There is a point at which it becomes clear that an institution cannot be saved from itself — although, in fairness, it remains to be seen whether a less craven and more intellectually capable administration might in the future reverse some of the damage done to a place as historically worthy as Saint Vincent. My decision to resign in the summer of 2022 was an exceedingly difficult one. I had been blessed in many ways during my decades at the college. With the support of generous donors (who rightly walked away in the face of the administration’s draconian actions), I had enjoyed opportunities that come only rarely in academia.

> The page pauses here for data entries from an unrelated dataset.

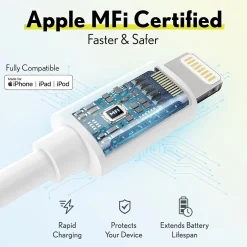 Overtime Delton USB-C/USB Wall & Car Chargers with Apple MFi Certified Lightning Cables for iPhone/iPad, White (DAC3IN12USBSL)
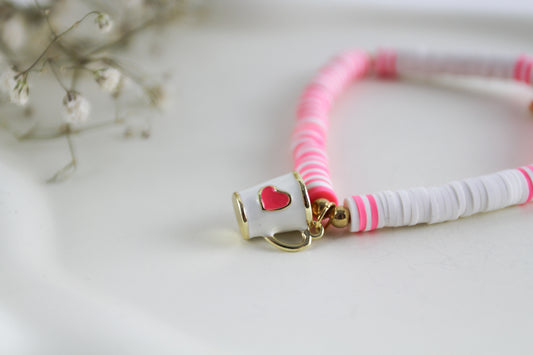 Lovely Coffee Cup Katsuki Heishi Beaded Bracelet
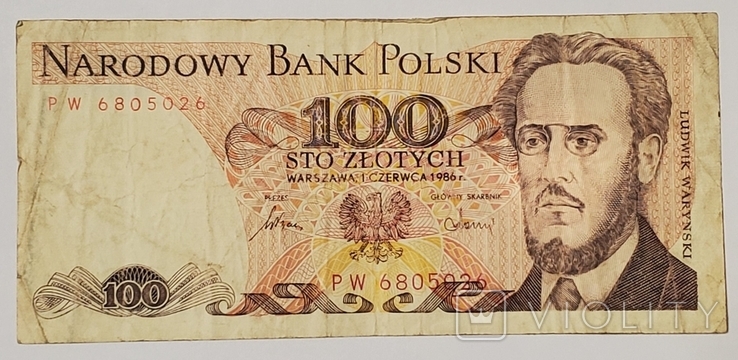 100 злотих 1986 року Польща, фото №2
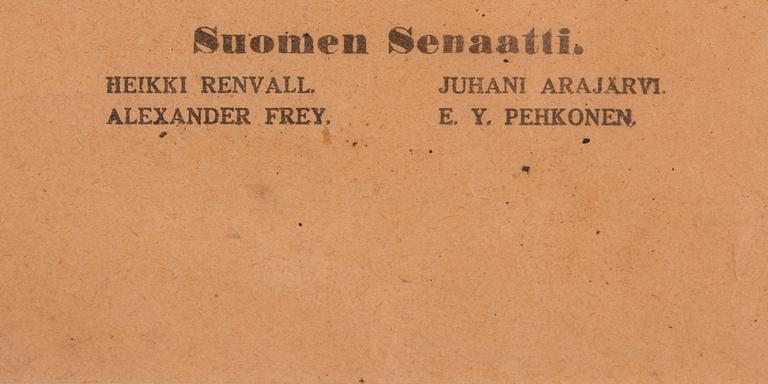 DEKLARATION, av Finlands Senat, daterad 1 februari 1918.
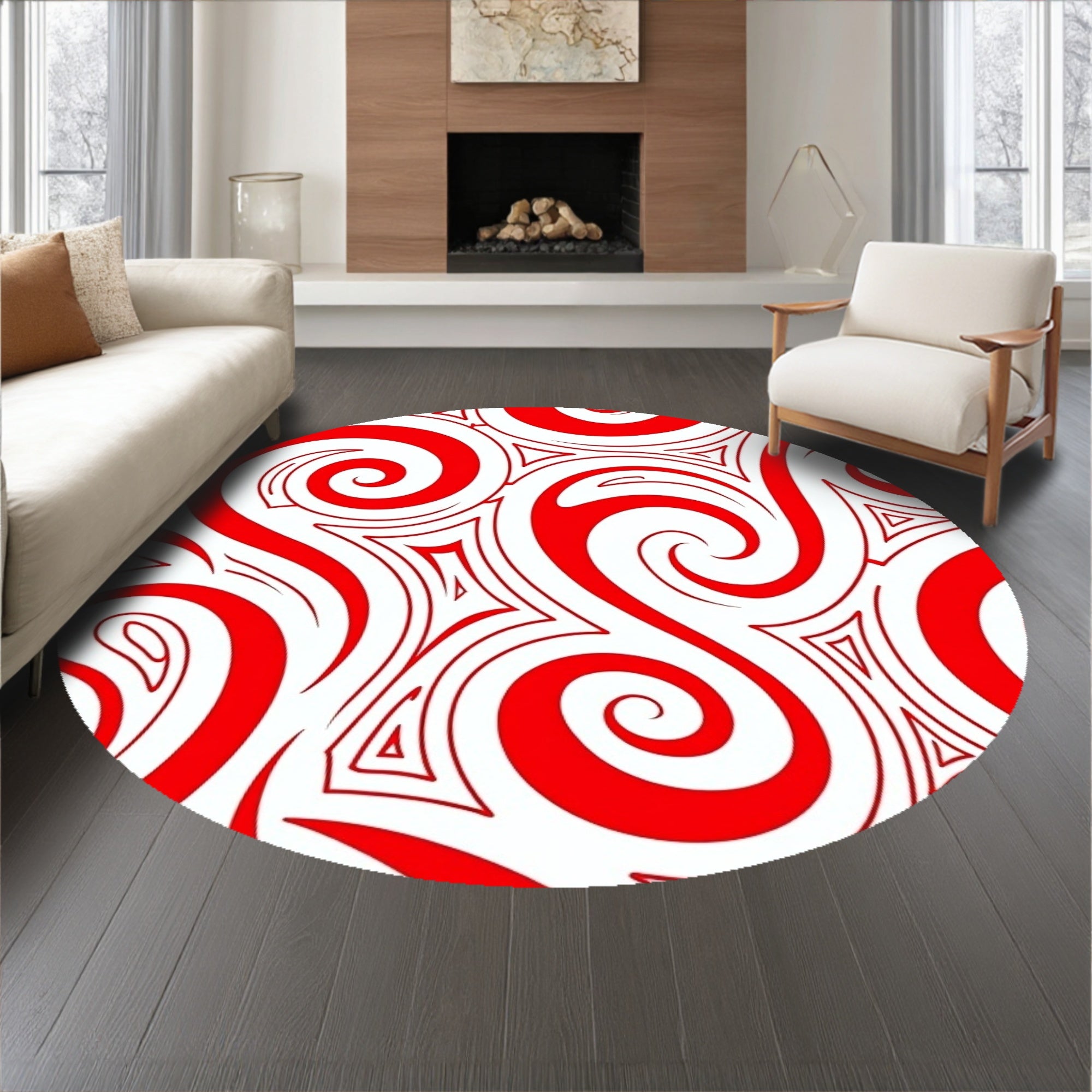 Modern Abstract Swirl Design with Artistic Crimson Waves(Red)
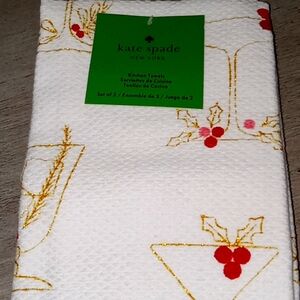Kate Spade Holiday kitchen towel set 🍸🍸🍸🍹🍹🥂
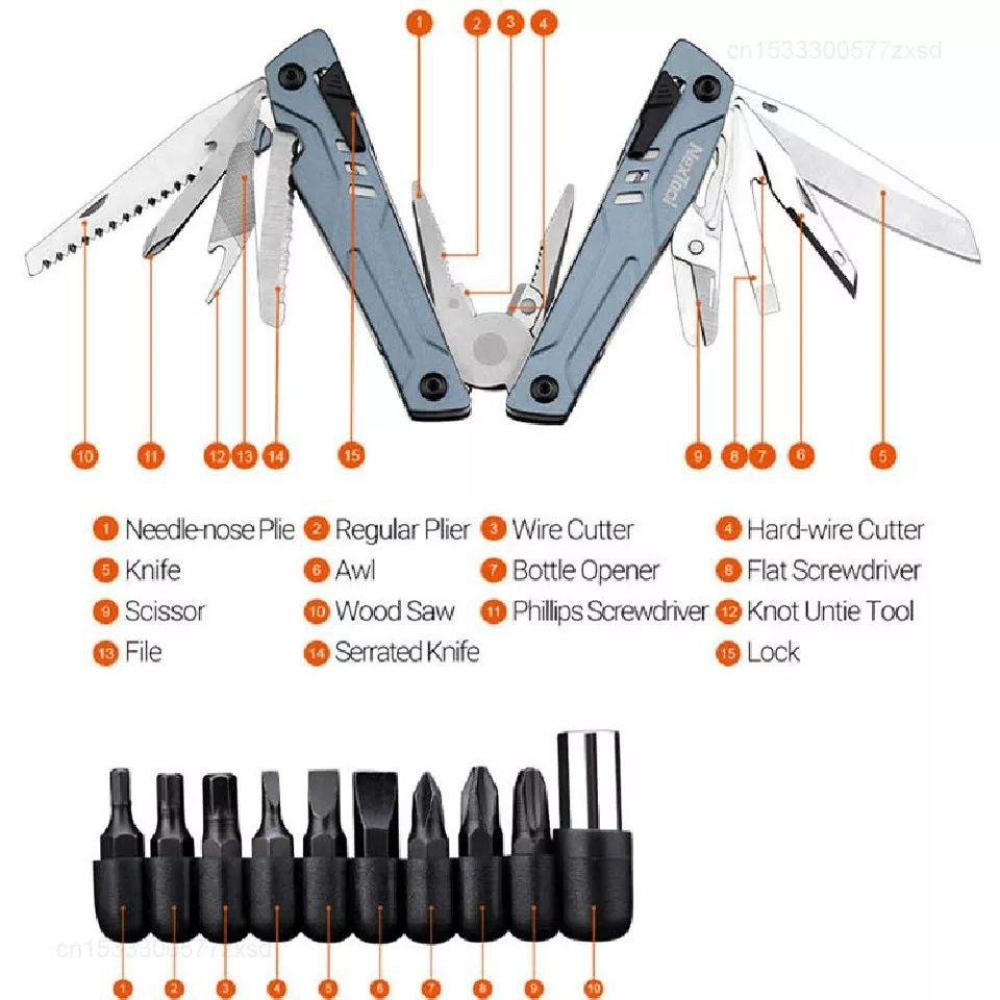Мультитул Xiaomi Nextool Sailor Pro + комплект біт, чохол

In addition to making a career for myself in a disfavored field, I had been instrumental in helping to build to national prominence a center that allowed for the presentation of heterodox arguments in a sea of academic orthodoxy. I had also managed to build a small but influential “Great Books” politics department. Each of these things had in turn benefited generations of students who were fortunate that a place such as Saint Vincent existed. It’s not easy to walk away from such things, particularly with the sadness that comes from the realization that decades of work can be undone in an instant. But each of us has only so much energy to expend in the battle to preserve our increasingly captured institutions. Prudence must dictate where it is best expended. 

I still think the fall of Saint Vincent need not have happened had a determined and united group of tenured faculty members resisted. I cannot be sure of this; but I am sure that it was worth a try.

Bradley C.S. Watson teaches in the Van Andel Graduate School of Government at Hillsdale College in Washington, D.C. He has authored or edited many books, including, most recently, Progressivism: The Strange History of a Radical Idea (Notre Dame).